Syncronization¶

Take, for example, inter-thread communication: each thread operates sequentially, and everything is fine until threads want to share data.

We can implement this with a producer/consumer queue - but what if the buffer is full on produce or empty on consume?

One thing we can do is have the producer block until the queue is not full and consumer block until the queue is not empty - but there’s a problem.

Race Conditions¶

cooperating threads share memory
both may r/w the shared memory
but, we can’t guarantee that read followed by write is atomic

So, we need to ensure certain operations are atomic that are critical (critical regions)

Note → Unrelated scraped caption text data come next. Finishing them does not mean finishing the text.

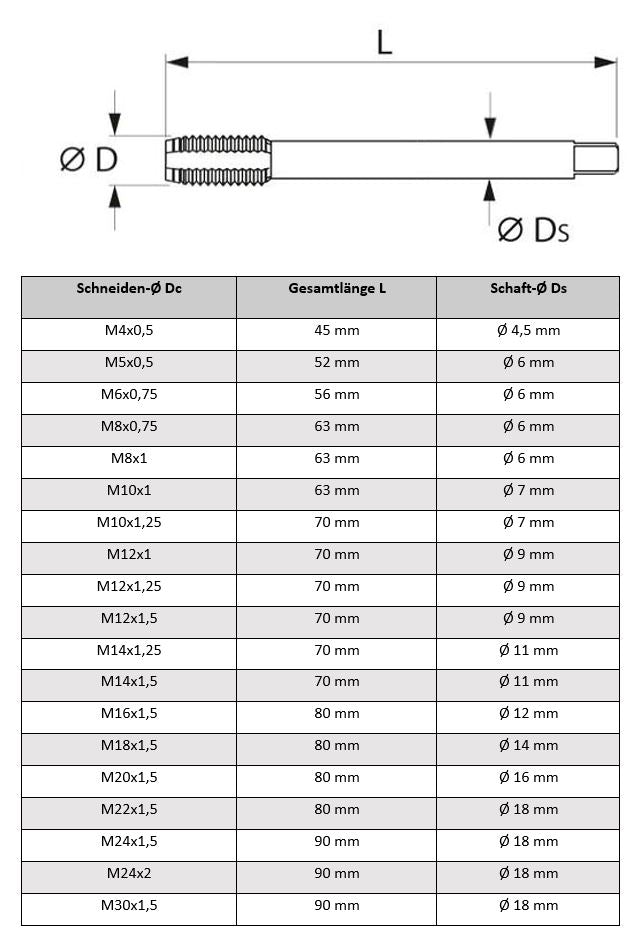 Feingewindebohrer_Fanar_Abmasse-Durchgang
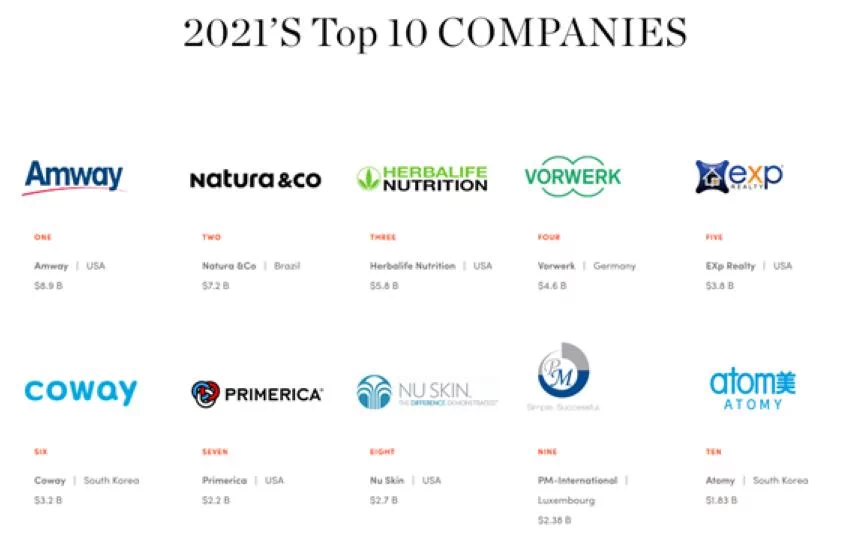 atomy top100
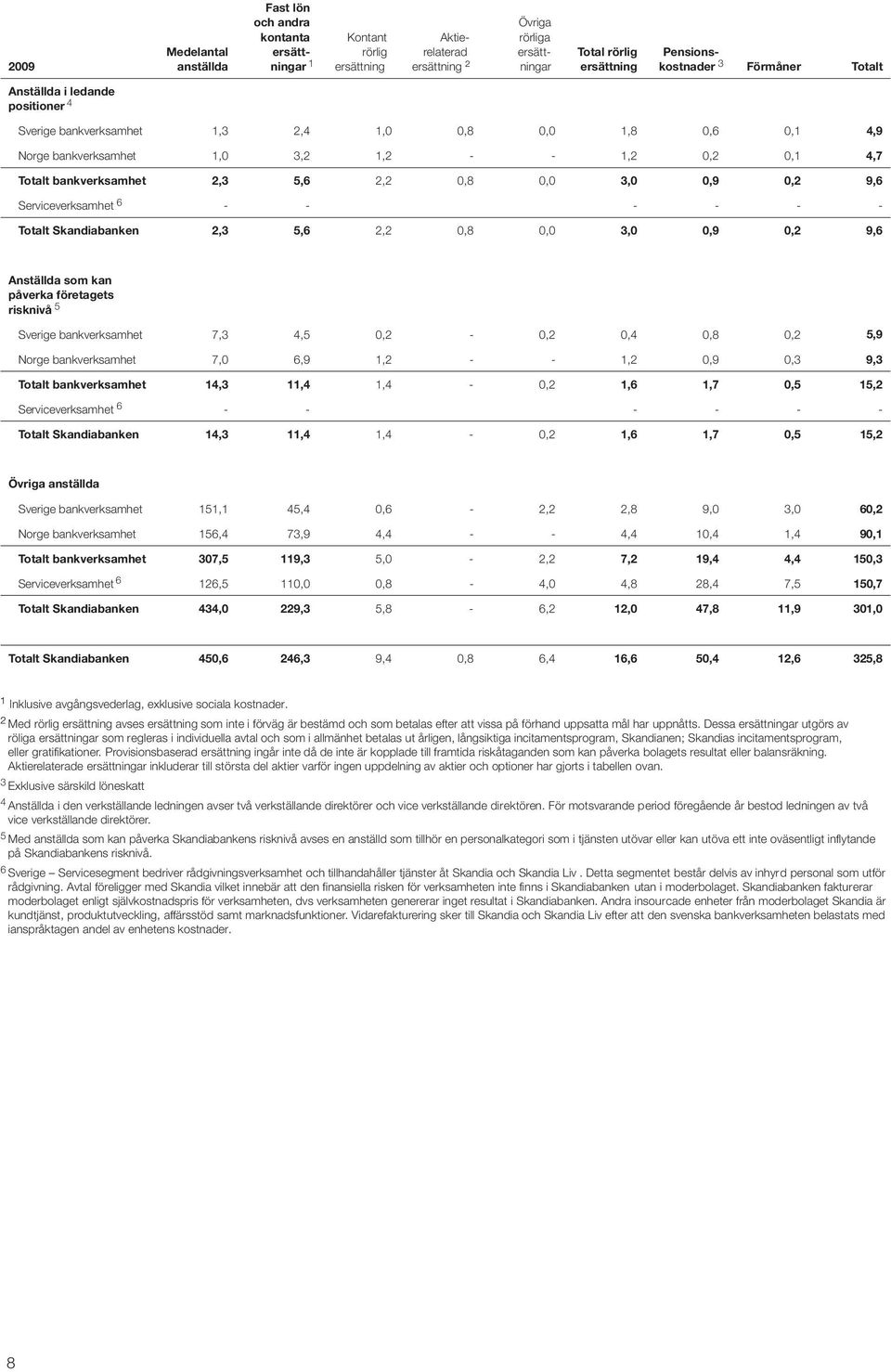 Totalt Skandiabanken 2,3 5,6 2,2 0,8 0,0 3,0 0,9 0,2 9,6 Anställda som kan påverka företagets risknivå 5 Sverige bankverksamhet 7,3 4,5 0,2-0,2 0,4 0,8 0,2 5,9 Norge bankverksamhet 7,0 6,9 1,2 - -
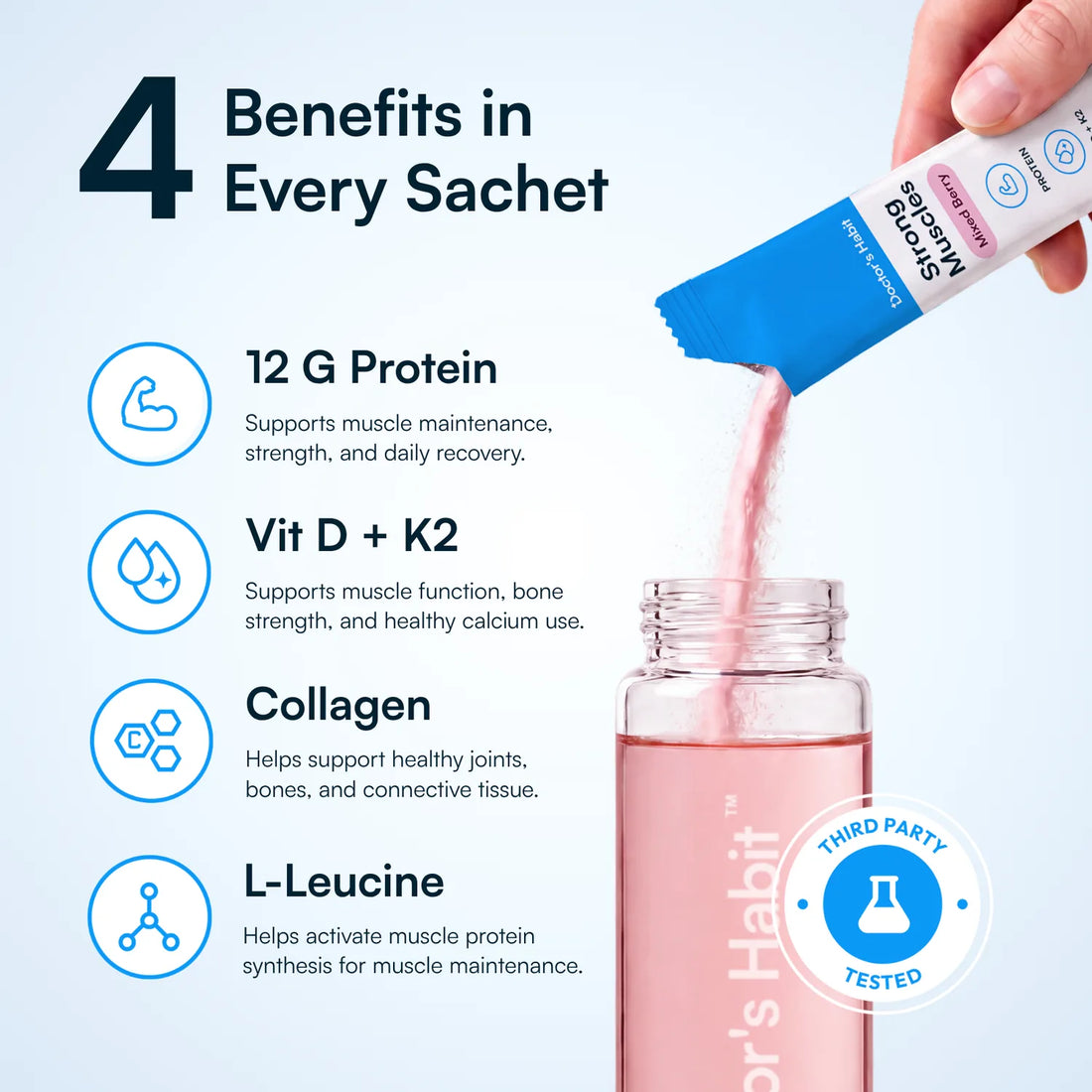 Strong Muscles (GLP-1)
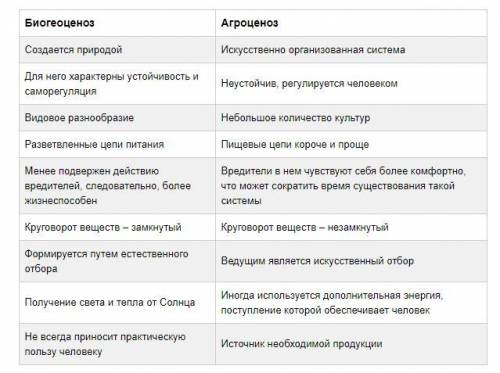 1. Перечислите искусственные экосистемы.2. Сравните биогеоценоз и агроценоз по 7 характеристикам.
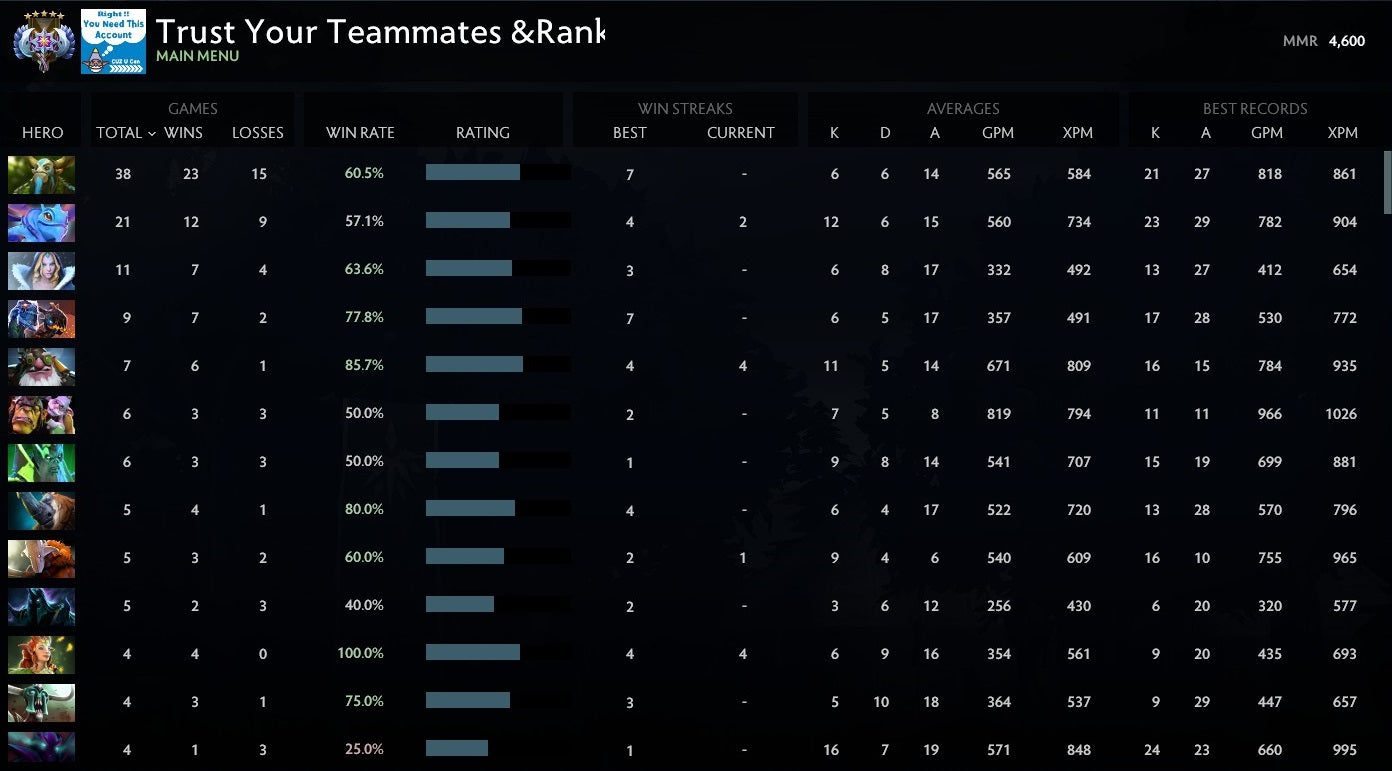 Ancient V | MMR: 4600 - Behavior: 10000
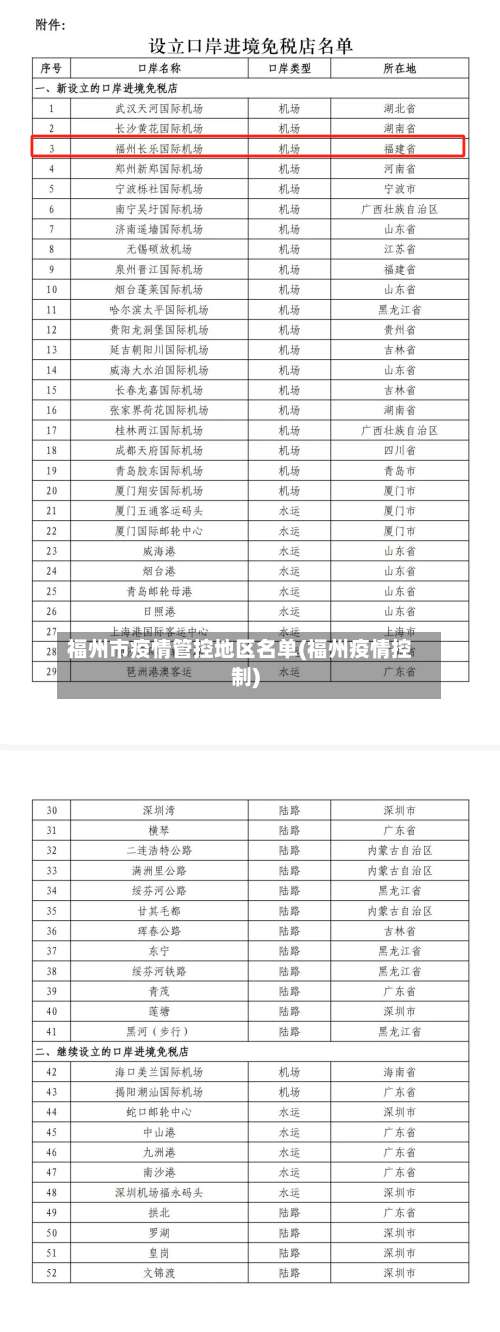 福州市疫情管控地区名单(福州疫情控制)-第1张图片
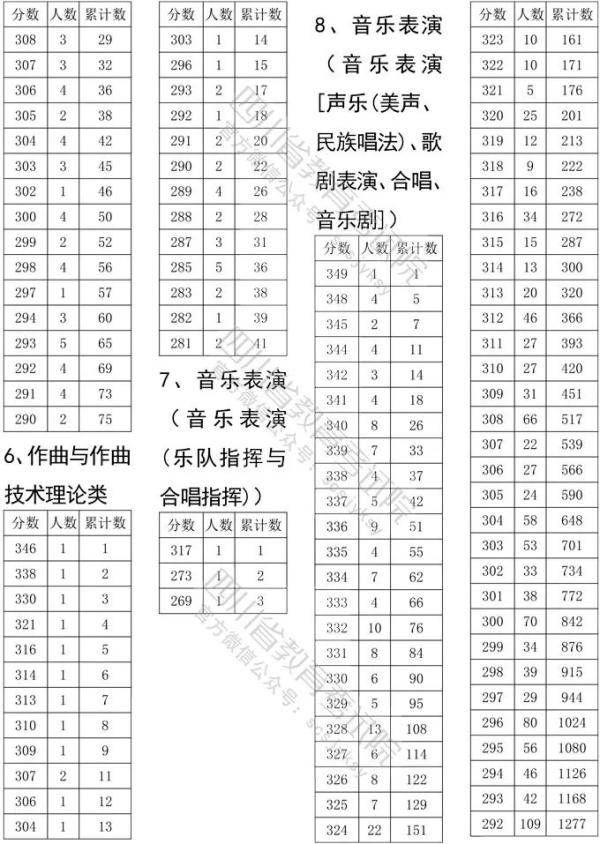 考试|2020四川高考艺体类文化考试分数线确定！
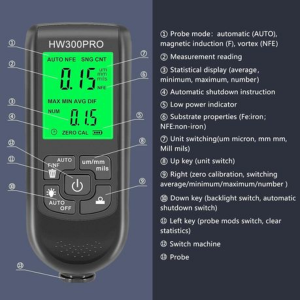 Digital Paint Thickness Gauge Coating Thickness Tester for Cars (HW300PRO) - Image 4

Critical regions provide mutual exclusion and help fix race conditions
4 conditions must hold:
- no 2 threads may simultaneously be in a critical region
- no assumptions may be made about speeds or number of cpus
- no thread running outside its critical region may block another thread
- a thread may not wait forever to enter its critical region

Spin Lock¶

One approach is to use a single shared variable to keep track of whose turn it is, and busy wait until it’s a given thread’s turn.

This is called a spin lock - the waiting thread spins in a tight loop reading the turn variable.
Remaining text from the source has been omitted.